De fait dans un contexte de chômage de masse l'augmentation de la masse monétaire n'est absolument pas un problème bien au contraire. Mais cela suppose que l'économie forme un circuit assez fermé et que vous produisiez ce que vous consommez. L'état pouvait donc payer des services même plus cher tant que cela restait dans le circuit économique national. L'argent revenait mécaniquement par l’impôt et l’augmentation du PIB produit par le multiplicateur keynésien . C'est ce système qui a produit la croissance après guerre en France et en occident. Bien sûr si vous augmentez la masse monétaire de façon excessive par rapport à la masse salariale et aux besoins, vous pouvez produire aussi une inflation excessive. Mais bien équilibré, ce système fonctionne et fonctionne encore très bien aujourd'hui. La Russie qui a une économie qui a été fermée de l'extérieur connaît maintenant une dynamique économique très forte grâce à ce mécanisme.
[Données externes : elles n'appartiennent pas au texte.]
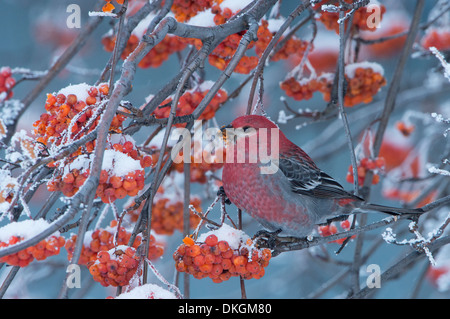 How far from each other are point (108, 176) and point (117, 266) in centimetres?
24

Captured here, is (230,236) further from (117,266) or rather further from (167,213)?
(167,213)

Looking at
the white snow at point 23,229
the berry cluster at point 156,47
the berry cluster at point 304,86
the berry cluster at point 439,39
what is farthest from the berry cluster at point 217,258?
the berry cluster at point 439,39

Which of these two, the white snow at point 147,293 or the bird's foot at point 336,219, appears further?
the bird's foot at point 336,219

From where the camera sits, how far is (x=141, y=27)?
8.13 ft

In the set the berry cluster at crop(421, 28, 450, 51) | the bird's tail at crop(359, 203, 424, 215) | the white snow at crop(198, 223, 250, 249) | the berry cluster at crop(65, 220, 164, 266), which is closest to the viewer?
the white snow at crop(198, 223, 250, 249)

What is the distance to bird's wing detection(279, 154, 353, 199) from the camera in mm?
2139

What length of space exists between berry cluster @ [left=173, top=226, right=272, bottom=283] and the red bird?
47cm

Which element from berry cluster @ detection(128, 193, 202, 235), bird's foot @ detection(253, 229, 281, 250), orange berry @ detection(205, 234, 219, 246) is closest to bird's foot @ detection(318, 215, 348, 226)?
bird's foot @ detection(253, 229, 281, 250)

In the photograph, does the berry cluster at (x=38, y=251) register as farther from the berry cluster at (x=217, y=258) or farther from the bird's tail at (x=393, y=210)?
the bird's tail at (x=393, y=210)

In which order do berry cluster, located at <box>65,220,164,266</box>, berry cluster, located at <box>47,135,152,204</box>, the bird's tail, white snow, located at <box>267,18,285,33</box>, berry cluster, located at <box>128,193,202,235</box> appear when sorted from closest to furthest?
berry cluster, located at <box>47,135,152,204</box> < the bird's tail < berry cluster, located at <box>65,220,164,266</box> < white snow, located at <box>267,18,285,33</box> < berry cluster, located at <box>128,193,202,235</box>

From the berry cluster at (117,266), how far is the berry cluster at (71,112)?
309mm

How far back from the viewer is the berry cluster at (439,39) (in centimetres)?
300

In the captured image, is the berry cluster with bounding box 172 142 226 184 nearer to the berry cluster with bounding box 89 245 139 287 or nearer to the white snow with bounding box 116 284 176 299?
the berry cluster with bounding box 89 245 139 287
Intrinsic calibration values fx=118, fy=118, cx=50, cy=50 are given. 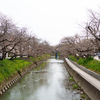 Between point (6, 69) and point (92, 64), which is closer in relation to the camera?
point (6, 69)

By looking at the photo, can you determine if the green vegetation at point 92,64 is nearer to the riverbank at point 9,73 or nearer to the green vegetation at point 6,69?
the riverbank at point 9,73

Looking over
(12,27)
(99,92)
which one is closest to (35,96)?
(99,92)

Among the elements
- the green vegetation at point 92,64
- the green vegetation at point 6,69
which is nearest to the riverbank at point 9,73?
the green vegetation at point 6,69

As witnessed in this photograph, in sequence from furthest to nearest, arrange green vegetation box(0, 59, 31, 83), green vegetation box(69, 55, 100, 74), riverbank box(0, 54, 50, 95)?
green vegetation box(69, 55, 100, 74) < green vegetation box(0, 59, 31, 83) < riverbank box(0, 54, 50, 95)

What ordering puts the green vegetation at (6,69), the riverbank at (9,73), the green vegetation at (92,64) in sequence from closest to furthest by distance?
the riverbank at (9,73)
the green vegetation at (6,69)
the green vegetation at (92,64)

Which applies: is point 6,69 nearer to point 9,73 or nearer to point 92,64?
point 9,73

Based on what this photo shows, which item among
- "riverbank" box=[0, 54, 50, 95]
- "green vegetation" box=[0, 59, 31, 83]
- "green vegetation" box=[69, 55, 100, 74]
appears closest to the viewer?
"riverbank" box=[0, 54, 50, 95]

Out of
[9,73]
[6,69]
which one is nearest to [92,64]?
[9,73]

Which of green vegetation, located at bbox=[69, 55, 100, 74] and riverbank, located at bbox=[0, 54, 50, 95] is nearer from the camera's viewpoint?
riverbank, located at bbox=[0, 54, 50, 95]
Les dépenses militaires nourrissant la croissance économique nationale. Le protectionnisme a obligé les entreprises à faire des gains de productivité aussi à cause du manque de main-d’œuvre. L'économie monétaire de production de type keynésienne fonctionne toujours très bien contraire au système libéral.
Mais depuis les années 70, l'idéologie néolibérale a pris le dessus et nous avons cassé ce lien faisant de l'état un acteur économique comme un autre qui doit équilibrer ses comptes même si le pays s'effondre. L'impuissance publique actuelle est en grande partie le fruit pourri de cette idéologie de petit comptable. Une idéologie que les USA ne pratiquent pas d'ailleurs ce qui explique que ce pays globalement sort des crises beaucoup plus rapidement que l'UE et la zone euro. On voit même l'état chercher même pour les commandes publiques les acteurs les moins chers possibles, souvent étrangers, comme s'il était un consommateur lambda cherchant le prix le plus bas au supermarché du coin. Oubliant que moins l'argent circule dans le pays, plus le pays va mal, et plus les rentrées fiscales sont faibles. Cette logique de petits comptables que Keynes critiquait déjà pendant l'entre-deux-guerres est en grande partie responsable de notre impuissance. Que ce soit en matière de sécurité ou d'éducation. Or vous n'entendrez jamais Gabriel Attal ou nos énarques souligner cette question cruciale faisant semblant de résoudre les problèmes par la parole puisque les actes sont impossibles dans le petit monde étriqué du néolibéralisme. Mais ce n'est pas si grave pour eux, puisque les couches aisées peuvent échapper à ces problèmes grâce à leur argent, enfin pour l'instant.